The Justice department said Thursday it continues to monitor any allegations of corrupt practices or abuse of authority at the Bureau of Corrections after the bureau’s personnel and officials exchanged allegations of wrongdoing.
BuCor Director General Gerald Bantag was earlier quoted as saying that “95 percent” of the agency’s 3,100 officials and employees were corrupt.
In an open letter, unidentified BuCor personnel appealed to President Rodrigo Duterte to sack Bantag for alleged “graft and corrupt practices in the highest order” and abuse of authority.
“The DOJ will continue to monitor very closely both the BuCor’s rank and file [for any corrupt practices] and the management [for any abuse of authority] and take action as may be appropriate,” Justice Secretary Menardo Guevarra said in a text message.
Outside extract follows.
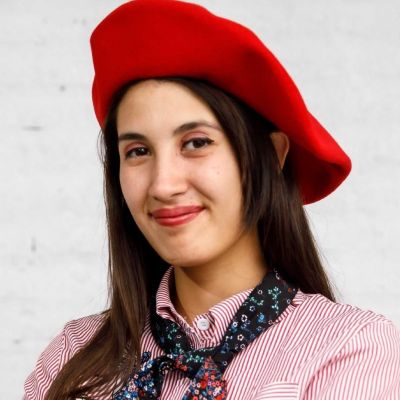 Is She Dating Anyone? Explore Her Age & Family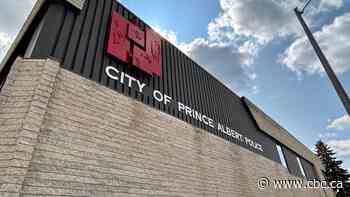 Prince Albert police arrest 5 after high-speed chase, shots fired at house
He said Bantag’s statement on the bureau’s alleged corruption “does not constitute an actionable offense, much less under the anti-graft law.”
Nonetheless, Bantag’s remarks “may have offended the sensibilities of those employees who are honestly performing their jobs.”
Bantag took over BuCor after its former director general, Nicanor Faeldon, was fired by the President in September following a controversy arising from the questionable release of several heinous crime convicts.
Bantag was appointed BuCor chief despite homicide charges against him in connection with a 2016 jail blast that resulted in the death of 10 prisoners in Parañaque.